====== Records shown
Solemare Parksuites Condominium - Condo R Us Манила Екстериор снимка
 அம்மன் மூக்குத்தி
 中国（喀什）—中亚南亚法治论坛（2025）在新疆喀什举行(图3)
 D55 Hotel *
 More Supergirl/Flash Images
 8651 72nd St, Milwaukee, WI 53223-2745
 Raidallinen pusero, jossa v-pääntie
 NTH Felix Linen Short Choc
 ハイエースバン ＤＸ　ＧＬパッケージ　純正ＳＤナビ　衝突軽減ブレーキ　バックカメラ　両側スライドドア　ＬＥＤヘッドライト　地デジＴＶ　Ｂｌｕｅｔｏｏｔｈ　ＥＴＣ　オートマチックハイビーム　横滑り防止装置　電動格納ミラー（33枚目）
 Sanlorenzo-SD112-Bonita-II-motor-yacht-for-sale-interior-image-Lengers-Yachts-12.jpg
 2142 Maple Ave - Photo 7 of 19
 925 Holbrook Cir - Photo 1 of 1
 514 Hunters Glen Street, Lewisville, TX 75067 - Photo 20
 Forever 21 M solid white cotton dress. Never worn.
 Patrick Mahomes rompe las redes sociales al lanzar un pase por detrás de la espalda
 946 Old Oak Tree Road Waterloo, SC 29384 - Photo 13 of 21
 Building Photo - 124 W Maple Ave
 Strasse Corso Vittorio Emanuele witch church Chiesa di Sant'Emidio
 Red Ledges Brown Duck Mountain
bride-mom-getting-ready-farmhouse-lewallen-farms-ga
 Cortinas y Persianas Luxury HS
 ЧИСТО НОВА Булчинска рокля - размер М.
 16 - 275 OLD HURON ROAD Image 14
============
** Problem to solve **
From the line with "Forever 21 M" to the end of the listing above, set down every line exactly as it appears, both ends included.

** Result of the exercise **
 Forever 21 M solid white cotton dress. Never worn.
 Patrick Mahomes rompe las redes sociales al lanzar un pase por detrás de la espalda
 946 Old Oak Tree Road Waterloo, SC 29384 - Photo 13 of 21
 Building Photo - 124 W Maple Ave
 Strasse Corso Vittorio Emanuele witch church Chiesa di Sant'Emidio
 Red Ledges Brown Duck Mountain
bride-mom-getting-ready-farmhouse-lewallen-farms-ga
 Cortinas y Persianas Luxury HS
 ЧИСТО НОВА Булчинска рокля - размер М.
 16 - 275 OLD HURON ROAD Image 14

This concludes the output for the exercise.